Given Data / Assumptions:
- Let the salary of B be some convenient base value, say 100 units.
- A has 40 percent less salary than B.
- Therefore, salary of A is 60 percent of salary of B.
- We need the percentage by which salary of B is greater than salary of A.
Concept / Approach:
When one quantity is a certain percent less than another, the reverse comparison uses a different percentage because the base changes. We treat B as 100 units, compute A as 60 units, and then ask what percentage 40 units represents when compared to the smaller base of 60 units. The ratio of the difference to the smaller value gives the required percentage.
Step-by-Step Solution:
Step 1: Assume salary of B = 100 units.Step 2: A has 40 percent less than B, so salary of A = 100 - 40 = 60 units.Step 3: The difference between B and A is 100 - 60 = 40 units.Step 4: We need how much greater 100 is compared to 60, expressed as a percentage of 60.Step 5: Required percentage = (Difference / Salary of A) * 100 = (40 / 60) * 100.Step 6: Simplify 40 / 60 = 2 / 3, so percentage = (2 / 3) * 100 = 66 2/3 percent.

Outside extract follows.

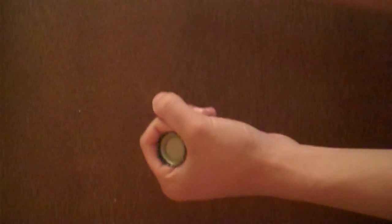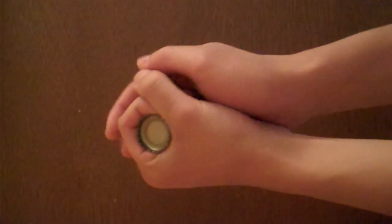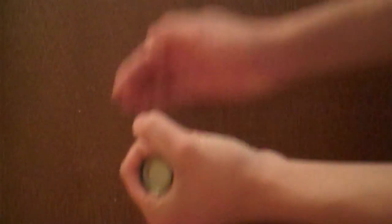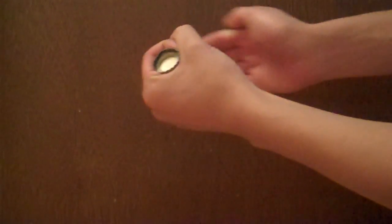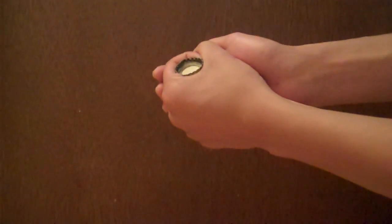To pop it, all you gotta do is cup it with your hand and make sure that when you hit, you're surrounding all the openings so that no air can escape and so that you get enough air pressure to pop the cap upwards.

Verification / Alternative check:
Another way is to use algebra. Let salary of A be x and salary of B be y. Given that x = 0.6 * y. Then y = x / 0.6. The increase from x to y is y - x = x / 0.6 - x = (x - 0.6 * x) / 0.6 = 0.4 * x / 0.6 = (2 / 3) * x. Percentage increase = (Increase / x) * 100 = (2 / 3) * 100 = 66 2/3 percent, confirming the earlier result.
Why Other Options Are Wrong:
- 33 1/3 percent and 33 2/3 percent are based on confusing the percentage of reduction with the reverse comparison.

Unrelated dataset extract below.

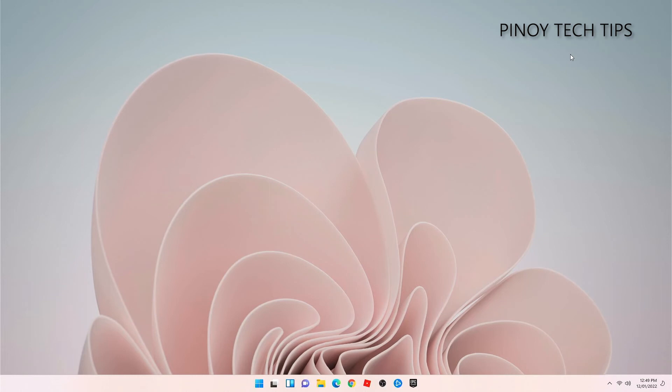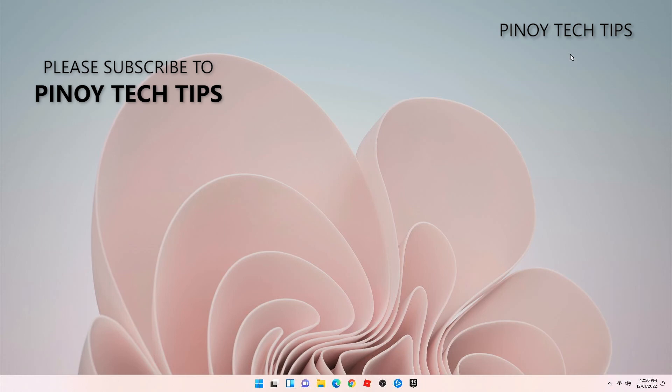Thanks for watching. Please don't forget to hit the thumbs up icon and please do subscribe. Have a nice day everybody.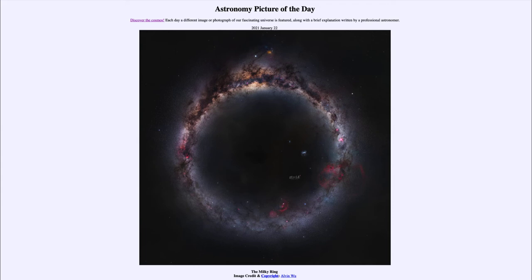Down toward the bottom we are looking out toward the edge of the galaxy, away from the galactic center. You can see there are far fewer stars there, and it is almost easier to pick out individual stars in that direction, whereas when looking toward the center there are simply so many stars that everything is blurred out.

- 66 1/3 percent is close but numerically incorrect; the exact value is 66 2/3 percent.
Common Pitfalls:
A very common error is to think that if A is 40 percent less than B, then B must be 40 percent more than A. This is not correct because the base values are different in each comparison. Another mistake is not choosing a convenient base value like 100 units, which makes the arithmetic clearer. Always rebase the percentage when reversing the direction of comparison.
Final Answer:
The salary of B is 66 2/3 percent more than the salary of A.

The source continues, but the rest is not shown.